# 005 Sample Final A, Question 11

Question Solve the following equation in the interval ${\displaystyle [0,2\pi )}$

${\displaystyle \sin ^{2}(\theta )-\cos ^{2}(\theta )=1+\cos(\theta )}$
Foundations:
1) Which trigonometric identities are useful in this problem?
1) ${\displaystyle \sin ^{2}(\theta )=1-\cos ^{2}(\theta )}$ and

Step 1:
We need to get rid of the ${\displaystyle \sin ^{2}(\theta )}$ term.
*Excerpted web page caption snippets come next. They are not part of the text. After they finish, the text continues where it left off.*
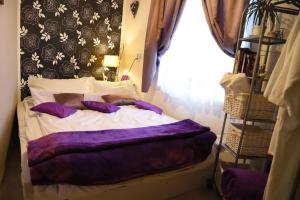 - une chambre avec un lit doté de draps violets et une fenêtre dans l'établissement Hana Apartments, à Subotica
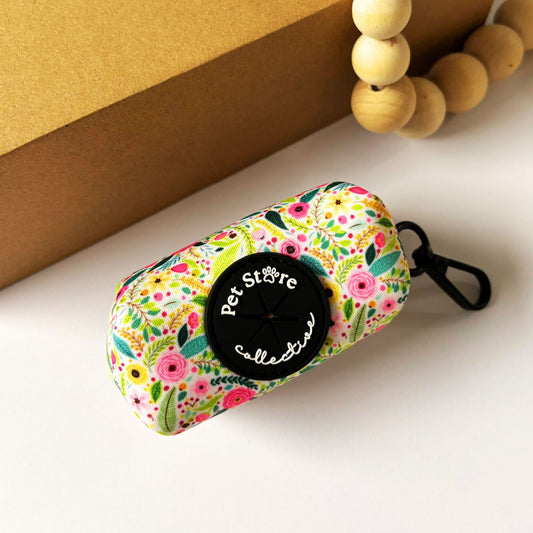 Top view of our Bloom Floral Dog Poop Bag Holder. Our stunning blooming pink roses and greenery design on neoprene, with metal clip for easy attachment to your dog's leads.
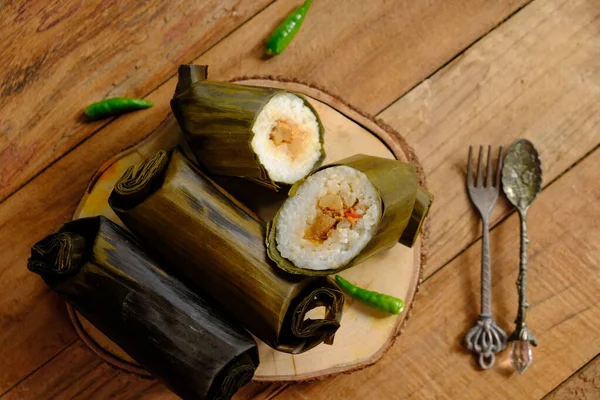 stock image Arem-arem is traditional Indonesian food made from savory rice with beef, chicken, or tempeh filling. Indonesian food. Served with bamboo steamer. food from Yogyakarta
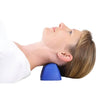 Image of NeckRest at-home neck pain relief device used under forehead for tension headache support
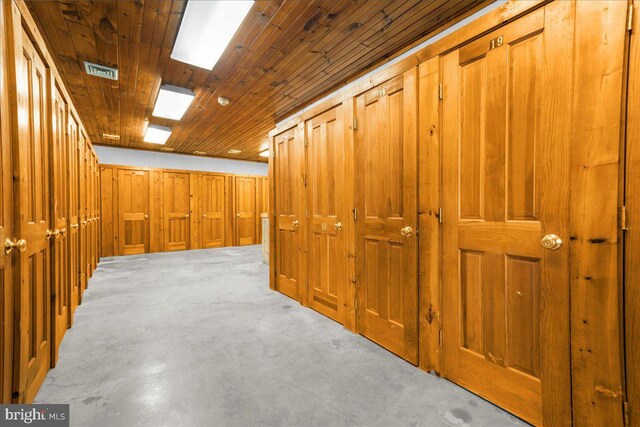 laundry room with sink, water heater, washer and dryer, and wooden walls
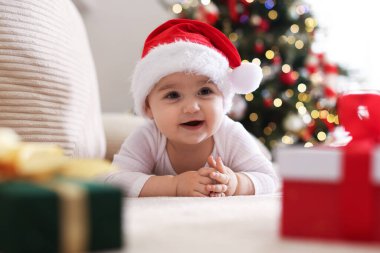 Evdeki kanepede Noel Baba şapkalı şirin bir bebek var. Noel sezonu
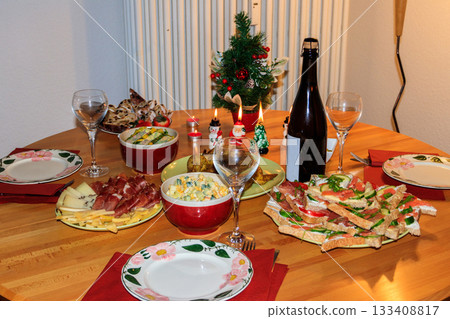 Christmas dinner set on a wooden table 133408817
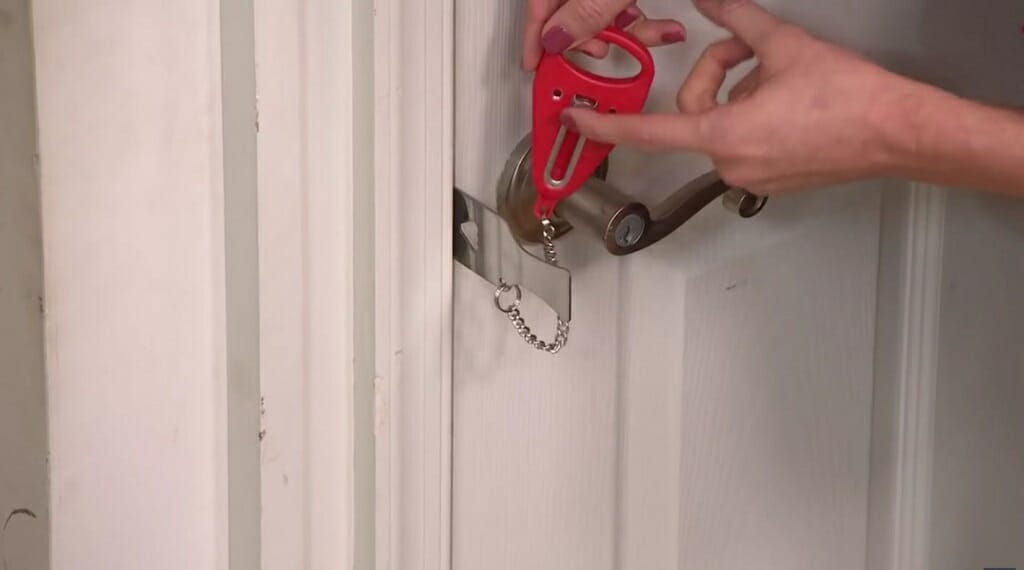 woman holding the red wedge to lock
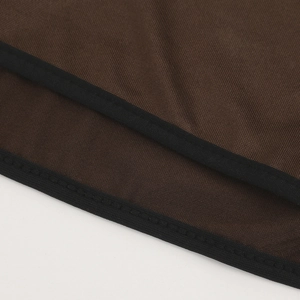 Close-up detail of breathable mesh fabric and stitching on brown cycling balaclava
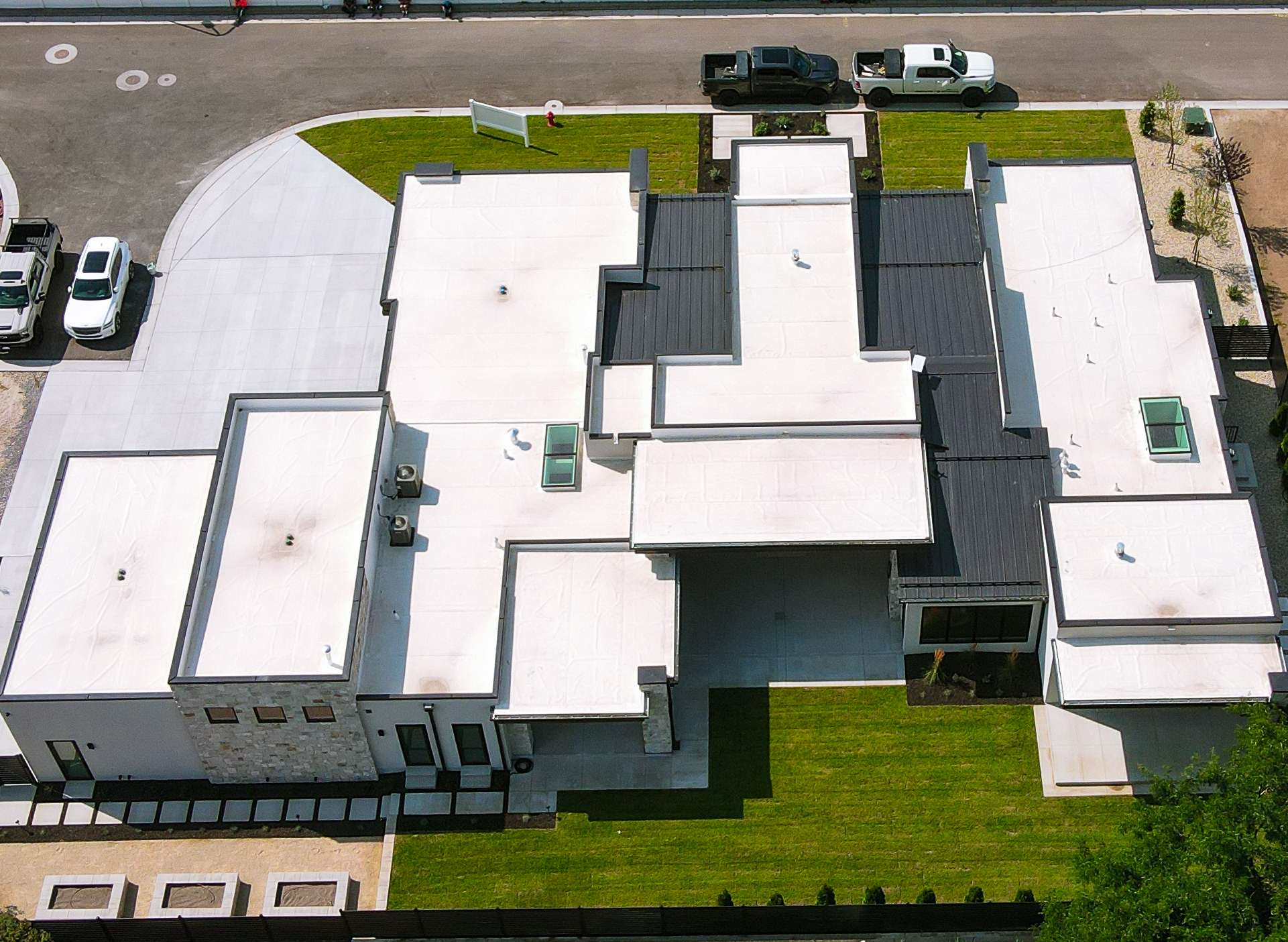 Top-down aerial view of a modern custom home showing white flat membrane roofing and dark standing-seam metal detail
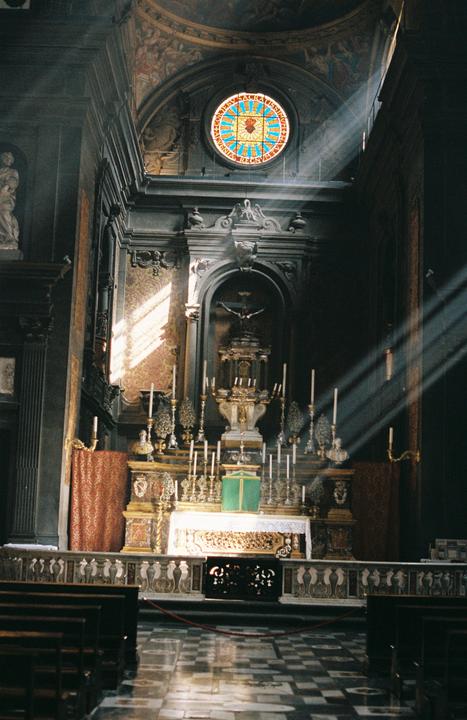 Sunlight streams through a stained glass window and illuminates the altar of a church.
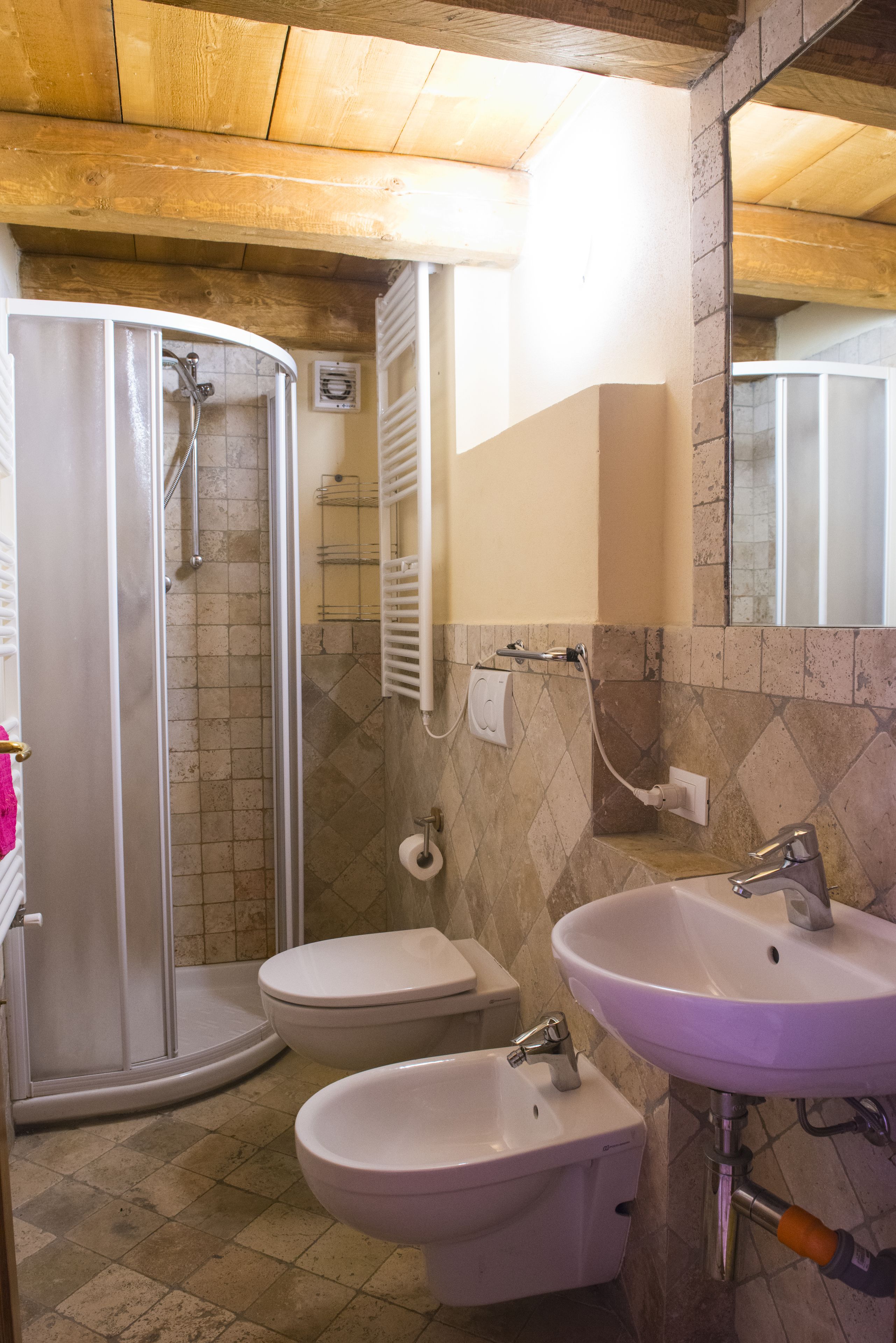 Ein Badezimmer mit Dusche, Toilette und zwei Waschbecken.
Since ${\displaystyle \sin ^{2}(\theta )=1-\cos ^{2}(\theta )}$, the equation becomes
${\displaystyle (1-\cos ^{2}(\theta ))-\cos ^{2}(\theta )=1+\cos(\theta )}$.
Step 2:
If we simplify and move all the terms to the right hand side, we have ${\displaystyle 0=2\cos ^{2}(\theta )+\cos(\theta )}$.
Step 3:
Now, factoring, we have ${\displaystyle 0=\cos(\theta )(2\cos(\theta )+1)}$. Thus, either ${\displaystyle \cos(\theta )=0}$ or ${\displaystyle 2\cos(\theta )+1=0}$.
Step 4:
The solutions to ${\displaystyle \cos(\theta )=0}$ in ${\displaystyle [0,2\pi )}$ are ${\displaystyle \theta ={\frac {\pi }{2}}}$ or ${\displaystyle \theta ={\frac {3\pi }{2}}}$.
Step 5:
The solutions to ${\displaystyle 2\cos(\theta )+1=0}$ are angles that satisfy ${\displaystyle \cos(\theta )={\frac {-1}{2}}}$. In ${\displaystyle [0,2\pi )}$, the
solutions are ${\displaystyle \theta ={\frac {2\pi }{3}}}$ or ${\displaystyle \theta ={\frac {4\pi }{3}}}$.
The solutions are ${\displaystyle {\frac {\pi }{2}},{\frac {3\pi }{2}},{\frac {2\pi }{3}},{\frac {4\pi }{3}}}$.